Your answer should be the exact lines of the data below from the one containing "76483549 13 |" through the one containing "Rio Rico Estates 10 - Residential"; please include nothing else.

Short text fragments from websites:
+--

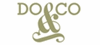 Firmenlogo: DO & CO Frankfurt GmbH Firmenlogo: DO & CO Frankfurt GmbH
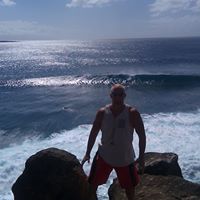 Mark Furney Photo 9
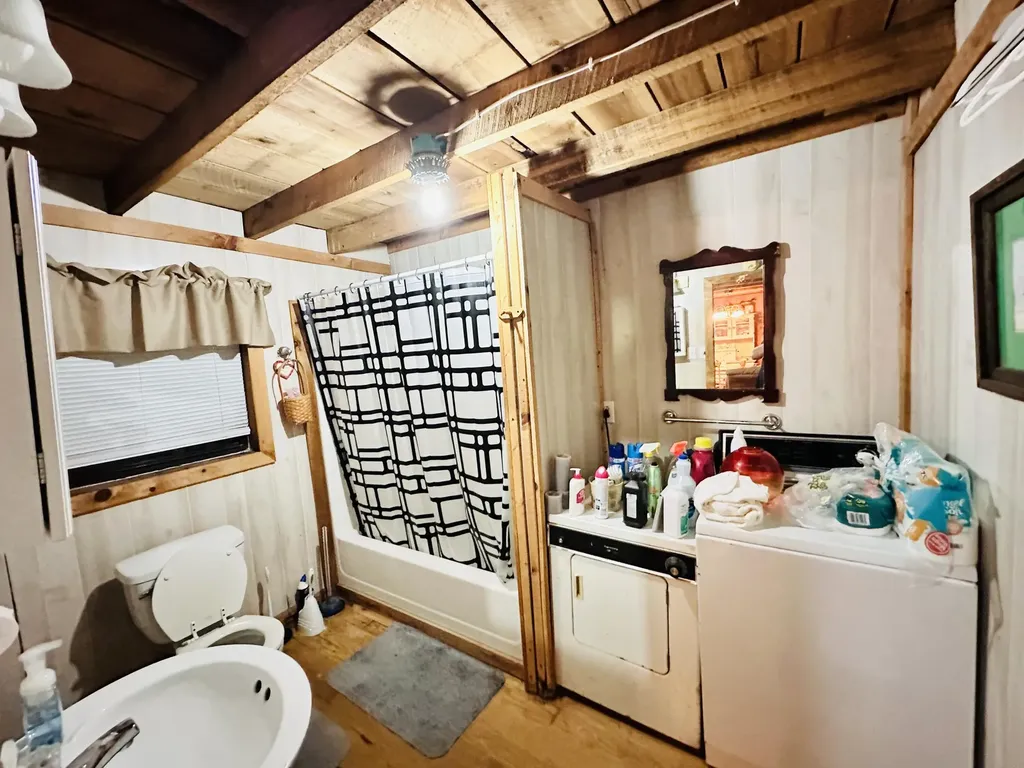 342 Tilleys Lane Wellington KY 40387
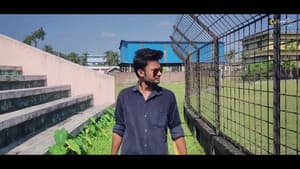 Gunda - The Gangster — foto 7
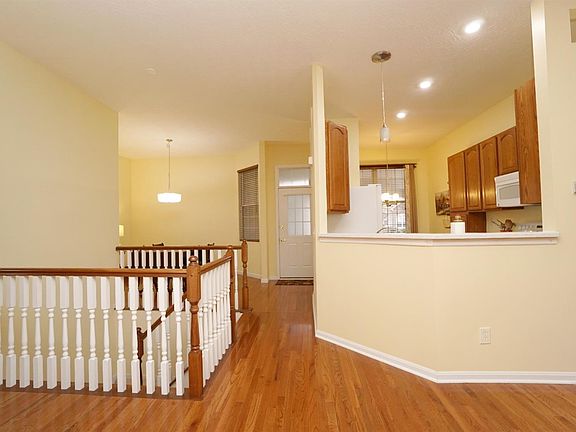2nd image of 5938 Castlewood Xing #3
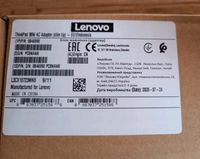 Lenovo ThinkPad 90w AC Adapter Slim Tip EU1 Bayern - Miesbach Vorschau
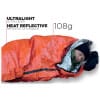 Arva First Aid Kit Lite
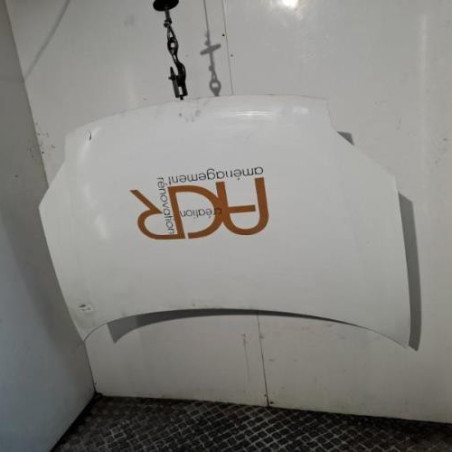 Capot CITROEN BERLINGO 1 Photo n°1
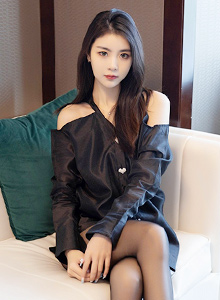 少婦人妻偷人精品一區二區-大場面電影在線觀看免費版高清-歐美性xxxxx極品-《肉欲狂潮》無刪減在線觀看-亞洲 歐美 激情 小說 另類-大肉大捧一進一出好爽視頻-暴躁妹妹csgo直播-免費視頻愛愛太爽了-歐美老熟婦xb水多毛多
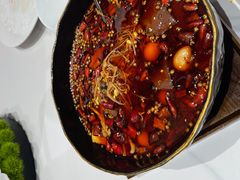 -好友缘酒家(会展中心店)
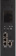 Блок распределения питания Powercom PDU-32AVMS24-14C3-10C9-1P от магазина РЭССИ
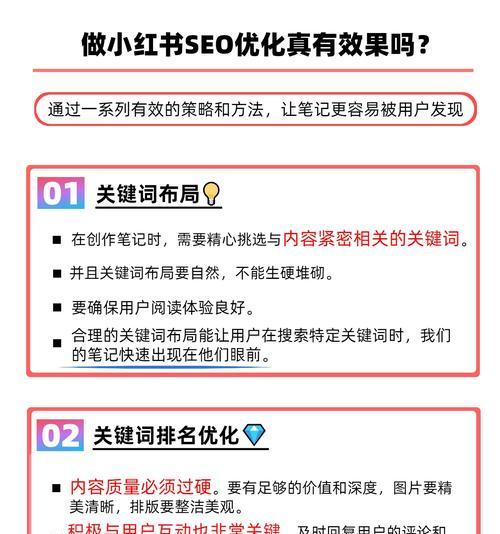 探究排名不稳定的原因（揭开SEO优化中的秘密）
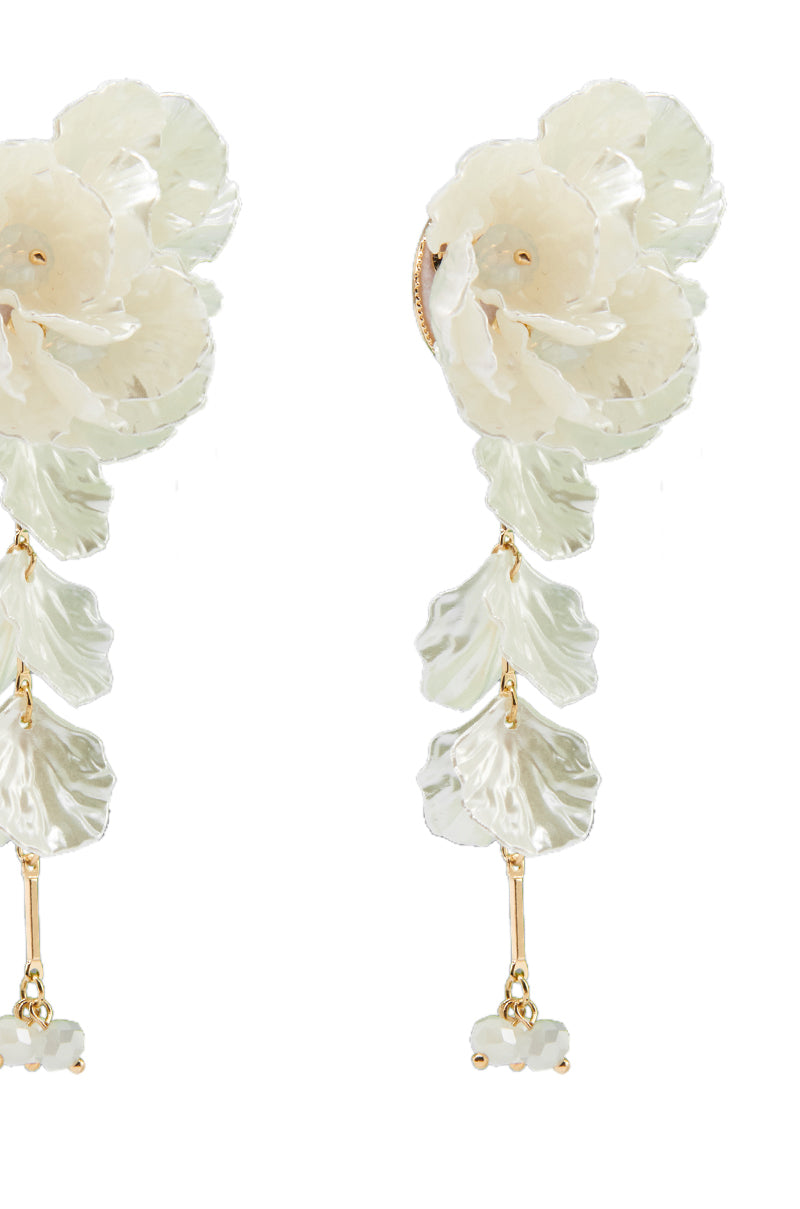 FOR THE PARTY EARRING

+--

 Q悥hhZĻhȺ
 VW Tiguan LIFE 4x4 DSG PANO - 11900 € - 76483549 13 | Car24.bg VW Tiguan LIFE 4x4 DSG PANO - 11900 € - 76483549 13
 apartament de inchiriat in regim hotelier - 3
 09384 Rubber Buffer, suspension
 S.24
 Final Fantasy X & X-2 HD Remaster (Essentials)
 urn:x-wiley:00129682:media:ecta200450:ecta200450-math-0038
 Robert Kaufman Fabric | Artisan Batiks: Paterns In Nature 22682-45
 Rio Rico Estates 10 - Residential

+--

▶ **Written response**
 VW Tiguan LIFE 4x4 DSG PANO - 11900 € - 76483549 13 | Car24.bg VW Tiguan LIFE 4x4 DSG PANO - 11900 € - 76483549 13
 apartament de inchiriat in regim hotelier - 3
 09384 Rubber Buffer, suspension
 S.24
 Final Fantasy X & X-2 HD Remaster (Essentials)
 urn:x-wiley:00129682:media:ecta200450:ecta200450-math-0038
 Robert Kaufman Fabric | Artisan Batiks: Paterns In Nature 22682-45
 Rio Rico Estates 10 - Residential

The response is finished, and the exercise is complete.